War Story: UTF-8 Content Disposition Header

War Story: UTF-8 Content Disposition Header

Recently I had some problems with special filename characters during file upload with wildfly 8.2.0 application server. In my case the filename contained chinese letters and was encoded with the wrong encoding on application server side.  After searching for a suitable solution I found an interesting thread on the jboss developer forum. It seems that there is a bug in the server that causes wrong filename encodings.

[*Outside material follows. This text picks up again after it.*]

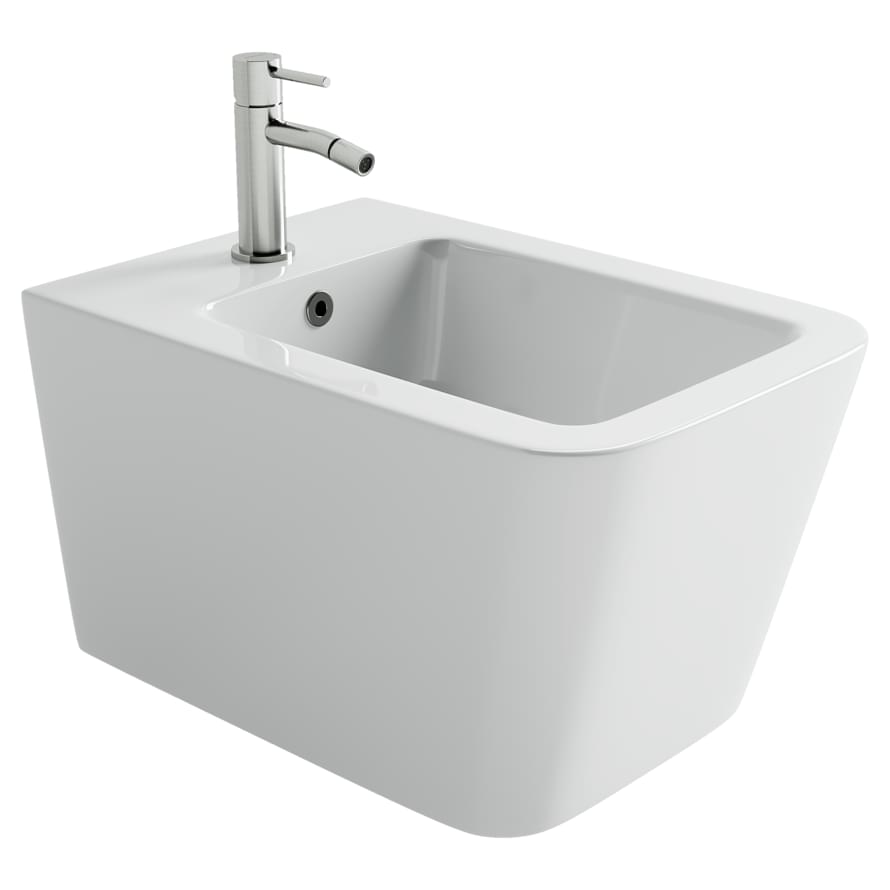 Плитка Ceramicanova Miro Биде подвесное MIRO скрытый монтаж белый  поверхность глянец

See the full forum thread here:

https://developer.jboss.org/thread/263484

 

In my case the request was like this:


------WebKitFormBoundary6hQpVgFVOpr9ArmL
Content-Disposition: form-data; name="Upload_file"; filename="香港.pdf"
Content-Type: application/pdf

 

 

The filename 香港.pdf was displayed not correctly, but after implementing the the solution described in the mentioned thread the filename characters were right:


	private String restoreUtf8FileName(String isoFileName) {
		String result;
		byte fileNameISOBytes[] = isoFileName.getBytes(StandardCharsets.ISO_8859_1);
		String fileNameUTF8 = new String(fileNameISOBytes, StandardCharsets.UTF_8);
		if (isoFileName.length() != fileNameUTF8.length()) {
			result = new String(isoFileName.getBytes(StandardCharsets.ISO_8859_1), StandardCharsets.UTF_8);
		} else {
			result = isoFileName;
		}

		return result;
	}

...

	final Part filePart = req.getPart(FILE_DATA);
	String fileName = getFileName(filePart);

	fileName = restoreUtf8FileName(fileName)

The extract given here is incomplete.